My wife and kids were perplexed by my excitement as I gathered them by the window to unveil a mysterious new gadget. With all eyes on the curtains, I tapped a command on my phone. The room was heavy with anticipation. After an agonizing 10-second delay, the left curtain jerked open in spurts. A few seconds later, the right curtain tried to join in but moved less than an inch and made a very unpleasant, high-pitched whine that lasted about 30 seconds.
Everyone burst out laughing.
Why would you need a robot that automatically opens your curtains anyway, they asked. “Need” is a bit strong, but the temptation of the SwitchBot is automation. Wouldn’t it be nice to wake up with sunlight touching your face instead of an alarm (or, in our house, a cat crying for breakfast)?
That’s the premise of this charming little gadget. It can be easily fitted to most curtain types in minutes. Costing $99, or $189 for two (and you will need two for most curtains), it makes your tired old curtains smart. You can remotely open and close them from your phone using the SwitchBot app, or schedule them to open and close at set times.
But as you might surmise from my first attempt, the SwitchBot has quite a few flaws that might make you want to rip your curtains out completely.
After the pathetic first attempt at opening my curtains, I tried refitting the SwitchBot. I placed one on the right curtain and one on the left.

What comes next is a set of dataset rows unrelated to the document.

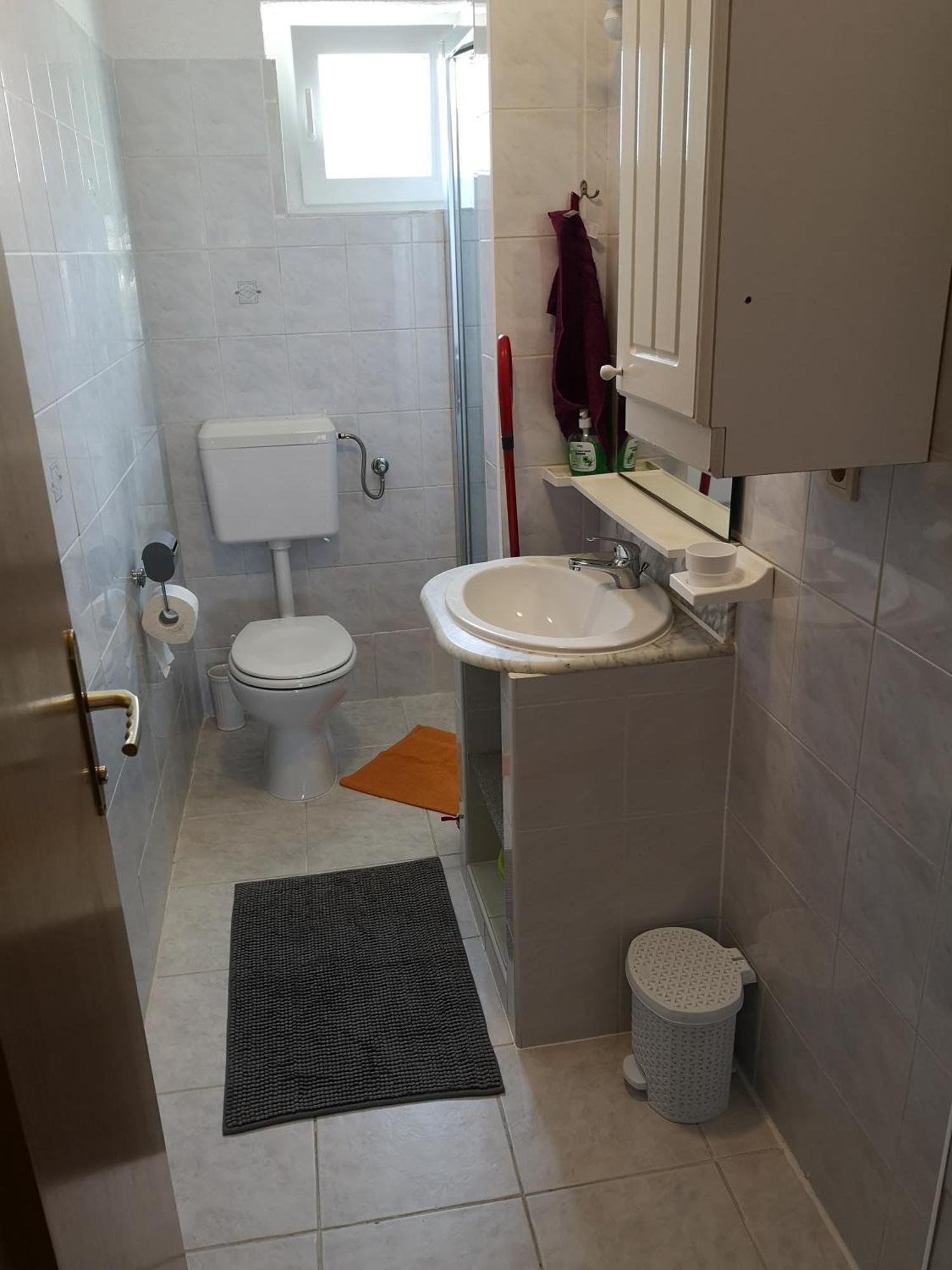 מדולין Holiday Home Matosevic מראה חיצוני תמונה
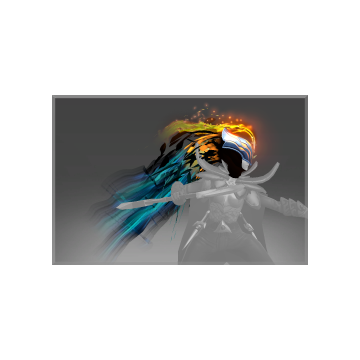 Codicil of the Veiled Ones
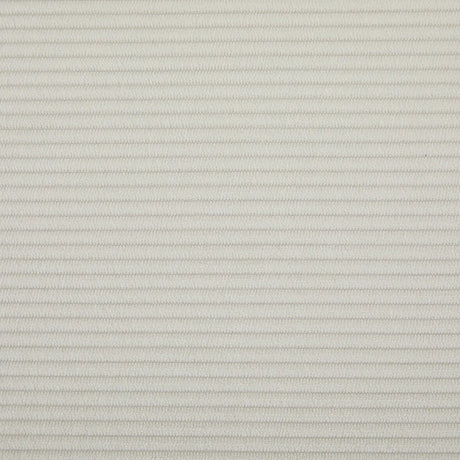 Corduroy Folding Sofa Bed With Foam Spring Mattress - Omega Lifestyles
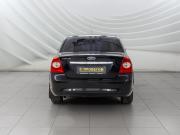 Ford Focus II Рестайлинг Волгоград  - изображение 43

There’s a kind of ratcheting arm that goes over the curtain rod, with little wheels on the inside, and you clamp it on the rod between the first and second curtain rings. (You can also get SwitchBots that work with U Rail and I Rail curtains.)

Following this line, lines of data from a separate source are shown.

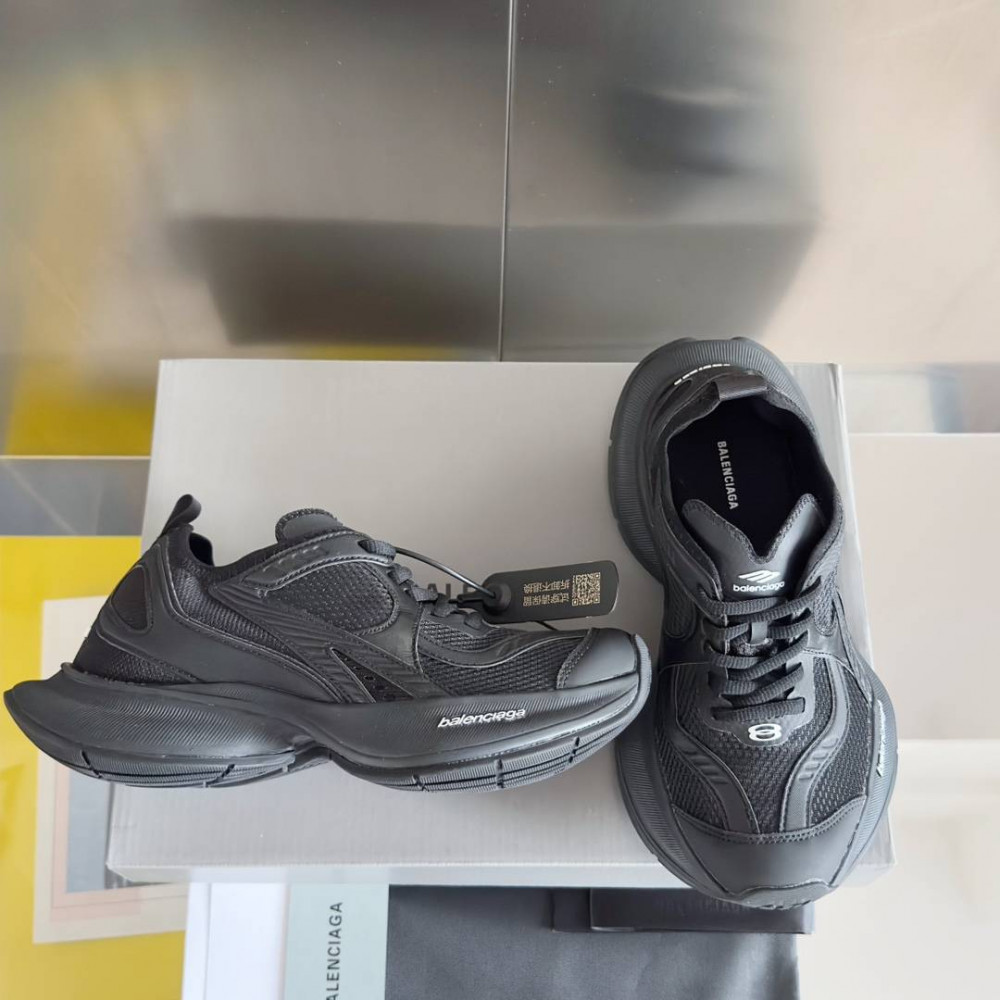 Balenciaga Circuit Balenciaga Circuit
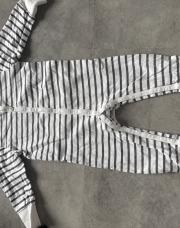 Pyjama noukies 9 mois 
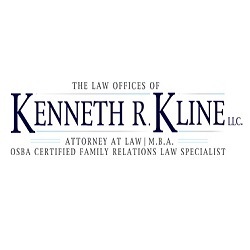  Profile Photos of The Law Offices of Kenneth R. Kline LLC 341 South 3rd Street #201 - Photo 1 of 1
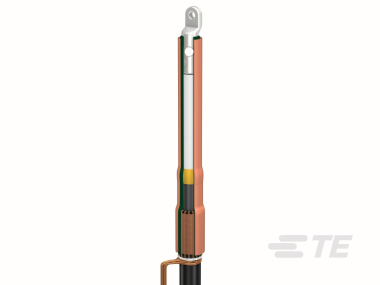 Rayc Warmschrumpf     IXSU-F5141-ML-6-13 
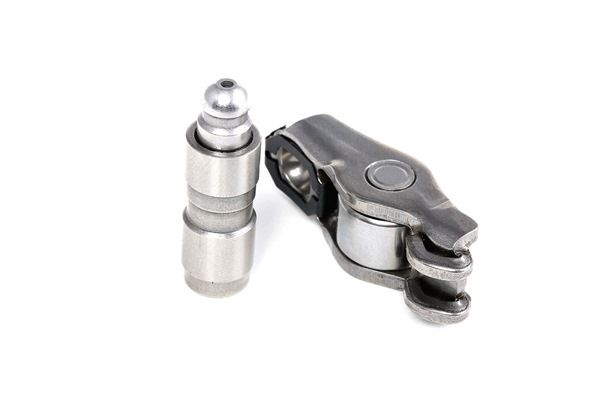 Tillbehörssats, släparm SKAKF-4410005 STARK RENAULT Grand Scénic III (JZ) 1.6 16V Bifuel 2010 110 hk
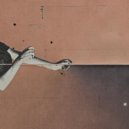 AEmris - Nameless (Original mix)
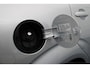 SEAT Altea XL 1.2 TSI Ecomotive Businessline COPA keurige MPV met trekhaak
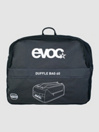 Evoc Duffle 60L Reistas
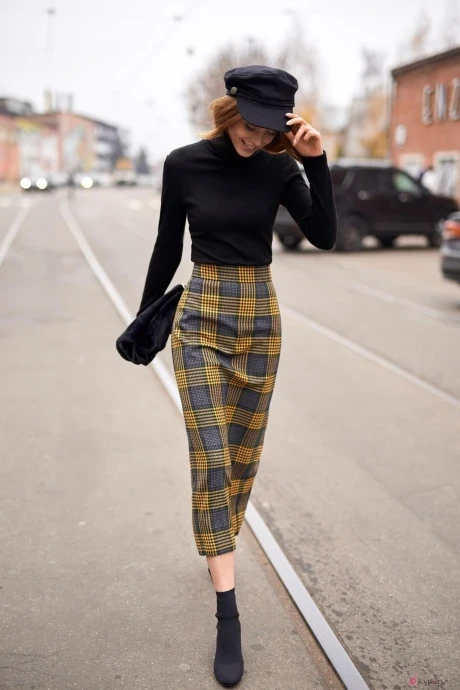ANNETE 4134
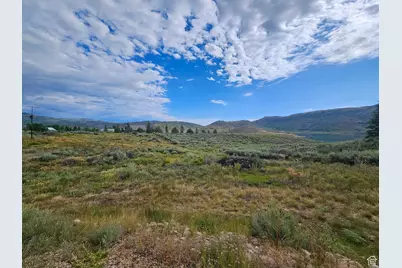 9173 E Soldier Creek Lane S #26B, Daniel, UT 84032 - Photo 55
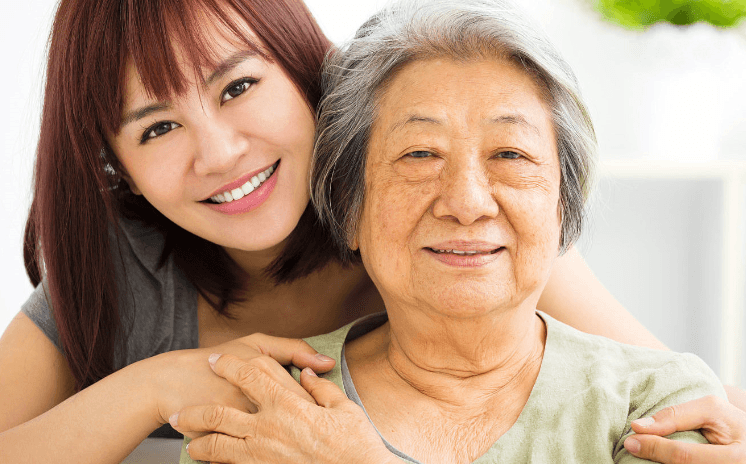 Bonita HomeCare — photo 1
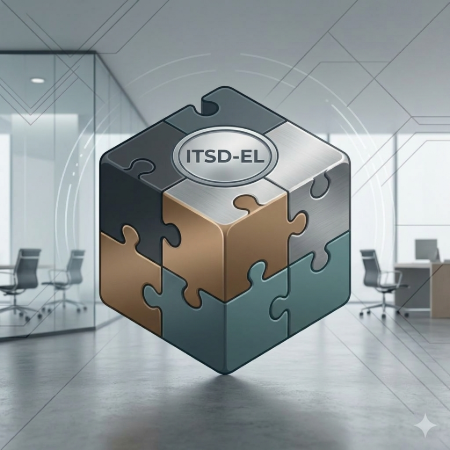 Afbeeldingen van IT Basics & Software Design – For Beginners & Professionals – eLearning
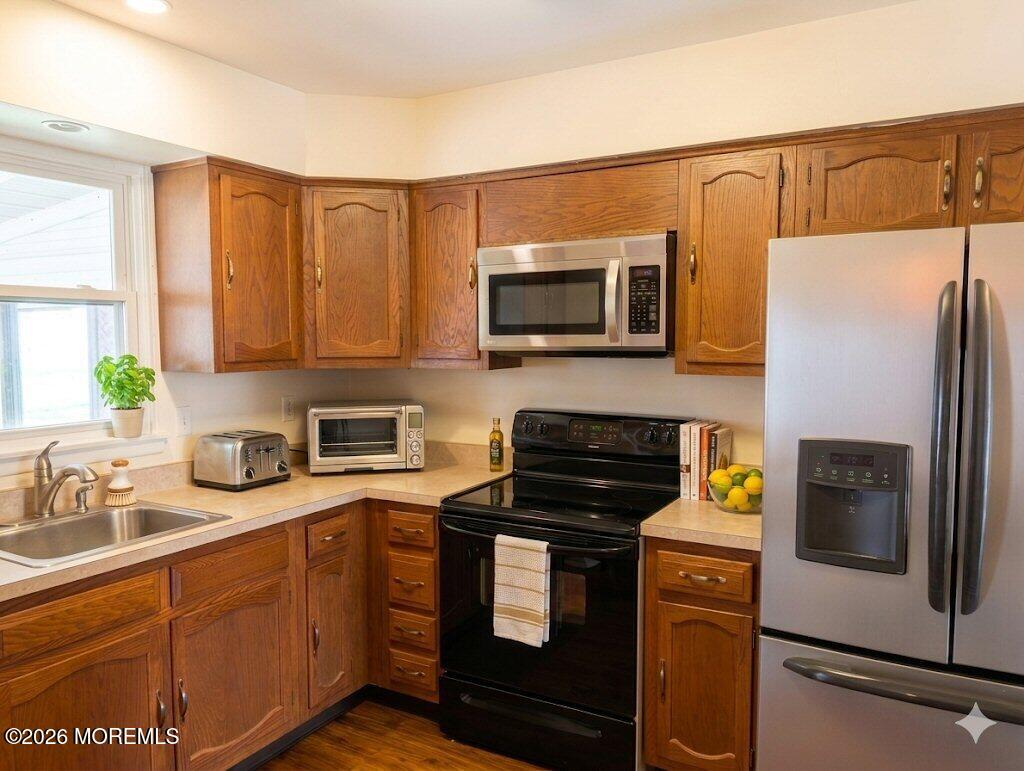 29 Moccasin Drive Image 5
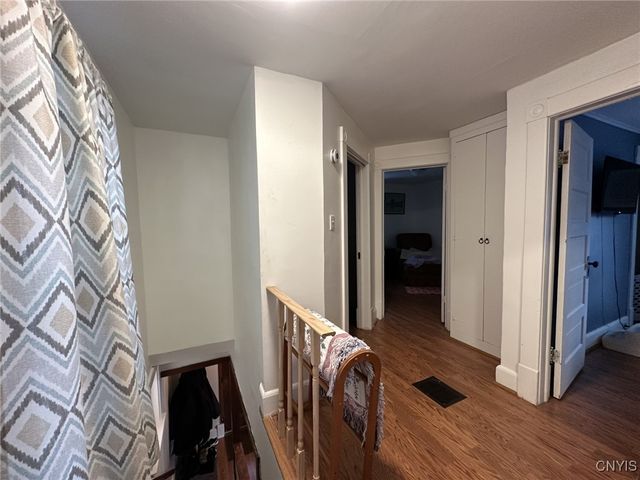 3 North Richfield Street, German Flatts, NY 13407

I have lightweight ring-top curtains with a uniform rod, so there’s no reason the SwitchBot should have trouble. Alas, after much fiddling around, I still had no luck. I contacted the company and received new models to test, and I’m pleased to say they work much better.
Still, even the new batch is far from perfect. For example, SwitchBots don’t always open the curtains as wide as I would by hand. They also tend to leave a gap between the curtains when they close. And I can’t imagine them faring well with heavy curtains after seeing them struggle to fully open my small bedroom set.
You pair the bots to an app on your phone via Bluetooth and calibrate the open and closed positions. It’s a quick and easy process. Then you can tap a button on the app to open or close the curtains, though the app takes a few seconds to load and then another few seconds for the SwitchBot to start moving. It’s not too long a wait, but it’s quicker to just get up and do it by hand.
The better method is to just automatically schedule your curtains to open and close at preferred times. There’s also a light-detection mode to trigger automatic opening when it identifies a certain level of illumination, but this feature is still in beta and did not work well for me.
You can use voice commands to control the curtains with Alexa, Google Assistant, or Siri, but you have to buy and set up a SwitchBot Hub Mini ($39). I tested it with Alexa and Google Assistant, and the Hub did the job, but had to ask it to open or close each curtain separately.